I played through the first three hours or so of Far Cry Primal, and the main three weapons I had at my disposal were a spear, bow and arrow and a club. These three things seem simple in their design and function, however, they have a wide variety of uses, mostly dependent upon the player’s creativity and strategy.
While the usual gun formula for Far Cry is an entertaining one, I was surprised at how much more tactful and thoughtful I had to be with my decisions, even when I was going into combat absent of any stealth approach. Running into a group of enemies was a fantastic way to get killed, as firing off automatic round after automatic round was not an option.

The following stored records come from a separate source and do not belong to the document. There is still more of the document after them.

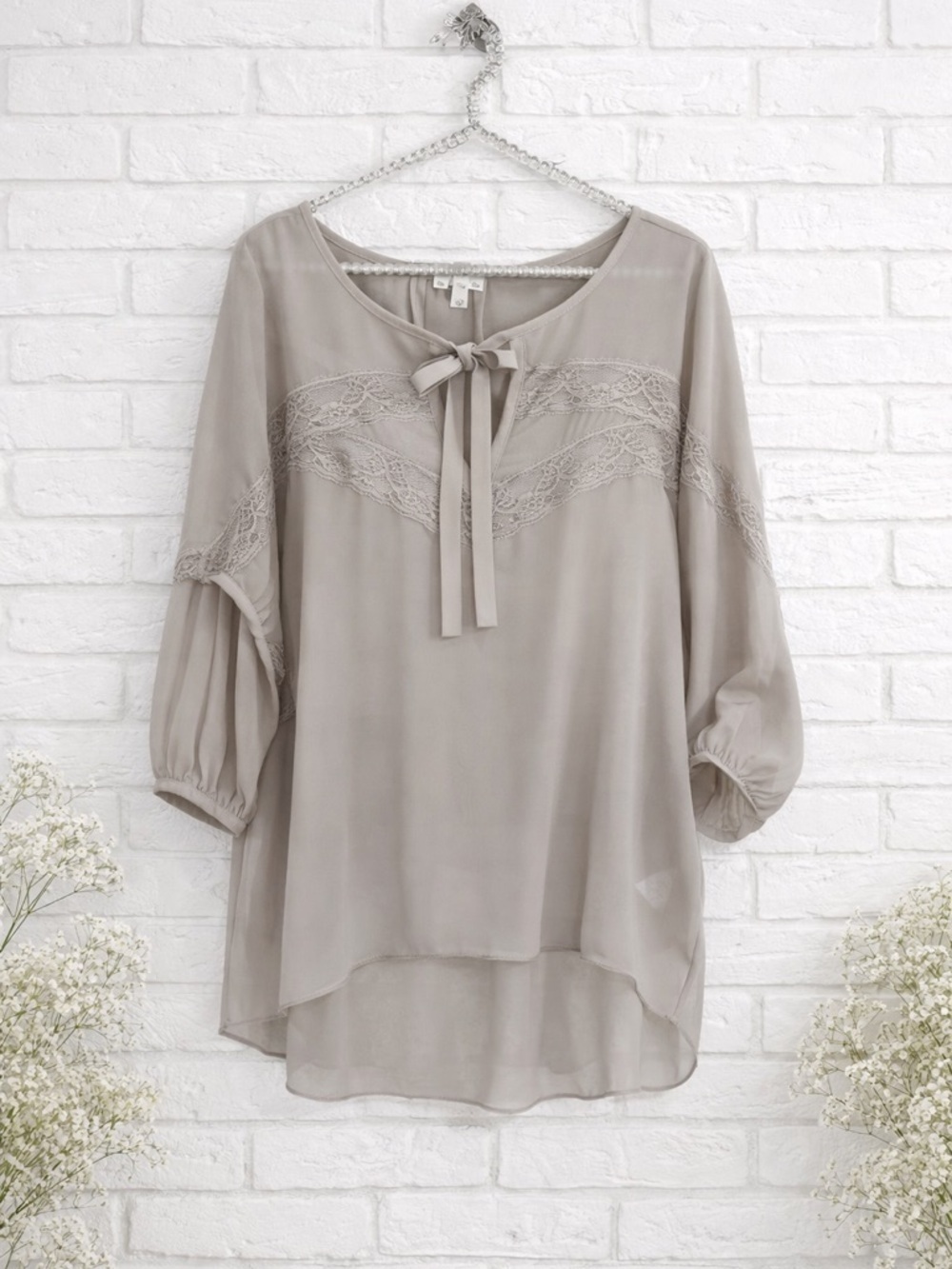 Gentle Fawn Gray Lace Trim Peasant Blouse
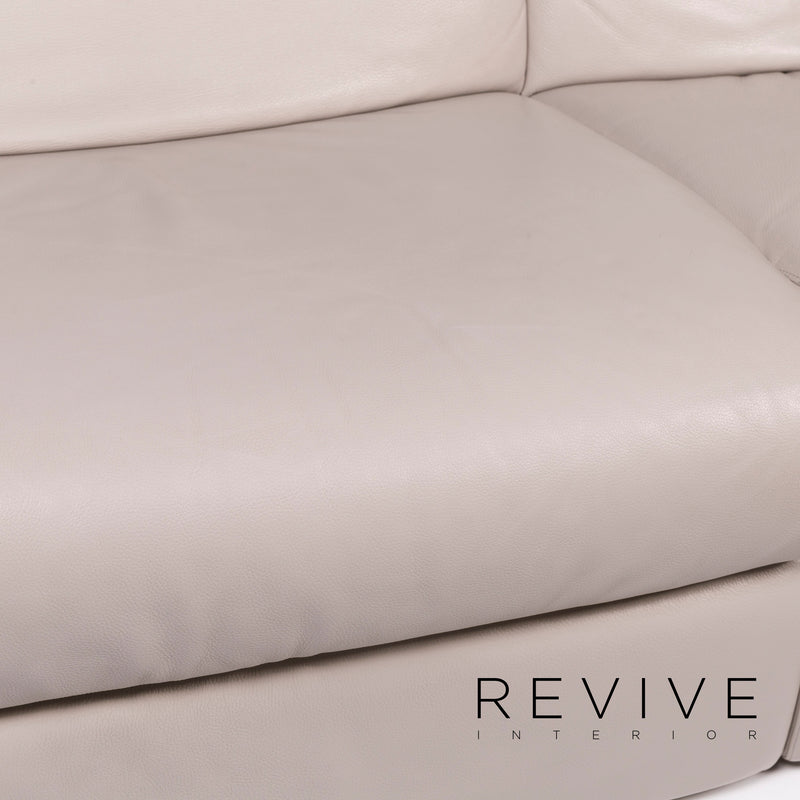 Musterring Leder Sofa Grau Zweisitzer inkl. Funktion 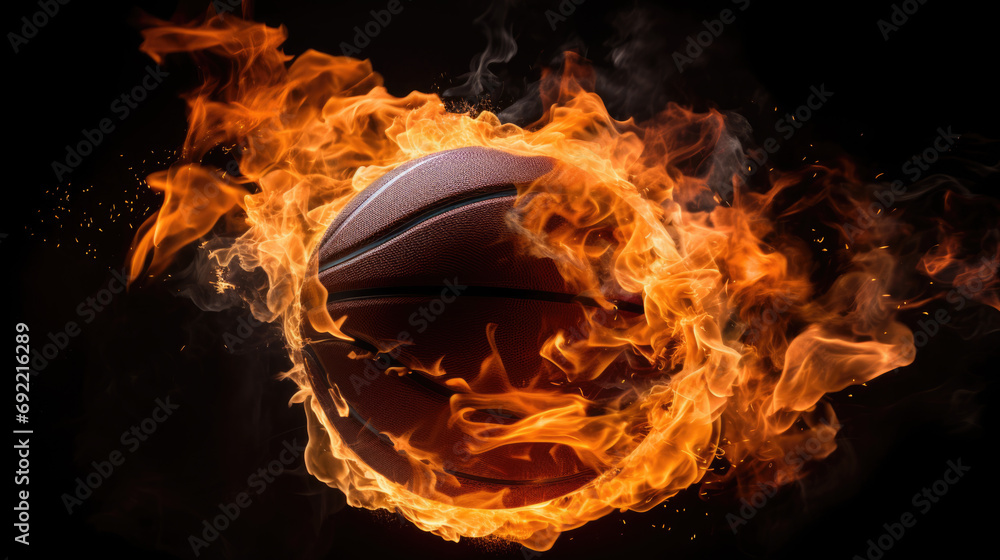 An intense and dramatic image capturing a sport ball engulfed in flames against a stark black background, radiating energy and passion.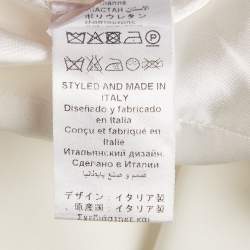 Pre Owned Elisabetta Franchi White Crepe Cape Detail Mini Dress S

Each arrow shot or toss of a spear required a conscious awareness of how many enemies were surrounding me and how vulnerable I would be to incoming enemy attacks, all the while Takkar, the game’s protagonist, reloaded his next round. Spears are few and far between, as are arrows until you have the ideal upgrades, and this element of scarcity makes combat less about reckless firing and more about frugal ammo usage.
During the early parts of Far Cry Primal, it’s a real possibility to find yourself running for ammo as you are being attacked by a wave of enemies. In Far Cry 4, I could easily switch between one gun and another in order to kill my enemies, but in Far Cry Primal, there are less weapons to choose from and the same aggressive enemies coming to hunt you down.
You may sit there and think that because Far Cry Primal has a different form of combat that it’s not possible to create those wild, systemic and unique moments that Far Cry is known for, but that wouldn’t be true. Chaos can be incited simply by the release of a bow.
One of the ways that you can make your bow and arrow even more deadly is by dipping an arrow into a flame, and then firing it off into an enemy or wooden structure. I did the latter multiple times with an enemy or two perched on top, and the result was a crumbling disaster for the men on the structure and those below it.
The beast master feature is shades of the feature we saw in Far Cry 4’s Shangri La level, which saw players control a tiger. In Far Cry Primal, you will be able to possess a number of different animals, from a sabertooth tiger to a honey badger. Being able to possess new animals is based on how you progress your beast master skills.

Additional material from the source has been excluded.